To those who point to holiday pay, the limits on the working day (the Working Time Directive), and other positive conditions of employment as arguments for staying in the EU – I would simply point out: statutory holiday entitlement under EU law, 20 days; under UK law, 28. The WTD supposedly ensures no worker can be forced to work more than 48 hours a week (on average). I work in an industry where the 70-hour week is normal. And lawful under the WTD. Because the haulage industry negotiated a ‘derogation’ (exemption) from the WTD until they had come up with a way round it.
The EU makes it unlawful to pay workers of different nationalities different rates of pay (so does UK domestic law, actually). So the construction industry dreamt up the ‘Posted Workers Directive’, which makes it quite legal to do this as long as the employer jumps through certain hoops (creating front companies, using ‘employment agencies’ and sub-contractors etc.). The only effective opposition to this has come from industrial action organized from the rank and file workers of the industry.
The harsh truth is that the EU is wedded to ‘free market’ economics, where profit is god, and workers rights are only tolerated where necessary i.e. where we are strong enough to impose them anyway. To those who argue the EU protects domestic jobs, I would say “Steel? Coal? Shipbuilding? Power generation? The railways? The NHS? Show me one industry where the EU has come down in favour of protecting employment, terms and conditions.”
This is not only true in the UK – the EU’s orders are explicitly destroying job in Greek ports (eg. through forcing the government to put ports up for sale); they forced the Italian government to tear up social employment provisions, and their enthusiastic servant M. Hollande is doing the same in France.
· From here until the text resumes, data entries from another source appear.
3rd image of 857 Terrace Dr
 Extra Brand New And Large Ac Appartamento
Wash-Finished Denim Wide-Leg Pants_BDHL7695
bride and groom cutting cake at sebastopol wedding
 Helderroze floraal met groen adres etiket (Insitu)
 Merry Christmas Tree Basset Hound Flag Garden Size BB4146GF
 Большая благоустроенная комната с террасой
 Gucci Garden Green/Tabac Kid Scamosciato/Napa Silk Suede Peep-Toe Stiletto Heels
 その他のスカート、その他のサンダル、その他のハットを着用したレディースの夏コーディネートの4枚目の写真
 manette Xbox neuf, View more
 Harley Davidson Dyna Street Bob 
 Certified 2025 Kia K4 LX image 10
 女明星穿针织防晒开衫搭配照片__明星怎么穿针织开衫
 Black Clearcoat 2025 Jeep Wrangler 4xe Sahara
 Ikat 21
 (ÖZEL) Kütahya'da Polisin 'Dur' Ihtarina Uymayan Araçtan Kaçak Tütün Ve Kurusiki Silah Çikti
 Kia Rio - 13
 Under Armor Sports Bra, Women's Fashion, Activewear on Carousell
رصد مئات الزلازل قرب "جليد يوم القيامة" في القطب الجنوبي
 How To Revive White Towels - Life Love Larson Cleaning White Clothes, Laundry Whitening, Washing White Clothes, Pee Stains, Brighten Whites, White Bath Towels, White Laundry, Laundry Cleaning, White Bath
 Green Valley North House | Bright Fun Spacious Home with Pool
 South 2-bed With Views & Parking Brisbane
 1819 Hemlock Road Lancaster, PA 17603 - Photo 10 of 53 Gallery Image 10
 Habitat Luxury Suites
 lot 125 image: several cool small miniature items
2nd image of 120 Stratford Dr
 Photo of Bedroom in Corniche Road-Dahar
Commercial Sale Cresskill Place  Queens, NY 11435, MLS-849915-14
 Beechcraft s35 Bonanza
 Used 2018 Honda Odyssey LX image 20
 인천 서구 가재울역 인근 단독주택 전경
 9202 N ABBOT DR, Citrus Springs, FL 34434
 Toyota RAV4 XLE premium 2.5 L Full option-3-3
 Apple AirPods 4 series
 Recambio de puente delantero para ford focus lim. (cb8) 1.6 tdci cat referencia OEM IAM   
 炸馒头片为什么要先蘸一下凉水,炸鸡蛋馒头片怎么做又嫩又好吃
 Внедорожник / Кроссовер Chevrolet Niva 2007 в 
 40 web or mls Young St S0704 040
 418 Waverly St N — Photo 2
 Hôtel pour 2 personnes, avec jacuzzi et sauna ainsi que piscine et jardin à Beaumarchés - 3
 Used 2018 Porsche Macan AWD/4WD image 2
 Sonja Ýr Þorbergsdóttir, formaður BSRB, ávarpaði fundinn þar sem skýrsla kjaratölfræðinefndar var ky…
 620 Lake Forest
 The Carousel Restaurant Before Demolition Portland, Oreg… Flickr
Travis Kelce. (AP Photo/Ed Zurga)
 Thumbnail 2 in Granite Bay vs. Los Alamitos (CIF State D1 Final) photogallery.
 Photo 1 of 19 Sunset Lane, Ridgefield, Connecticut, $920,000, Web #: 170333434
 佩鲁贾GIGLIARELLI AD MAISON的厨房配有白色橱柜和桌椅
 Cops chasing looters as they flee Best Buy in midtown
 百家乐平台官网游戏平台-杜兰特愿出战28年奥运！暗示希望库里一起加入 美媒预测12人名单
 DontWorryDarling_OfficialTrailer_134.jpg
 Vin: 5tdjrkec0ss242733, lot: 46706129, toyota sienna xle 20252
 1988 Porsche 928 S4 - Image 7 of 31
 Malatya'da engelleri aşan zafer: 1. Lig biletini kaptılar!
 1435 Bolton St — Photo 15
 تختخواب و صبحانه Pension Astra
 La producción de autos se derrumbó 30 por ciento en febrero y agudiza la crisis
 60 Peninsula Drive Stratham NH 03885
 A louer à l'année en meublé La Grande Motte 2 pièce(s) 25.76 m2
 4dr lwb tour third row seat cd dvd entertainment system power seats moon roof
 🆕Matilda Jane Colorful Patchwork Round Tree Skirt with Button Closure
The EU does not create, or even protect, jobs; it actively encourages the ‘race to the bottom’. It exists to serve the interests of international capital, not labour.
And this cuts to the heart of the matter: for Marxists, the analysis of society being fundamentally riven by class divides is fundamental. Moreover, the logic of this analysis tells us that the state is not impartial; it is not there to serve the needs of whoever wins an election. It exists to maintain the power of the rich and powerful. Jeremy Corbyn has had a small taste of this already, in the foul press coverage he has received, and the way serving and retired senior officers have dissed his opposition to Trident. It is virtually certain given his activist history that the security services have a file on him.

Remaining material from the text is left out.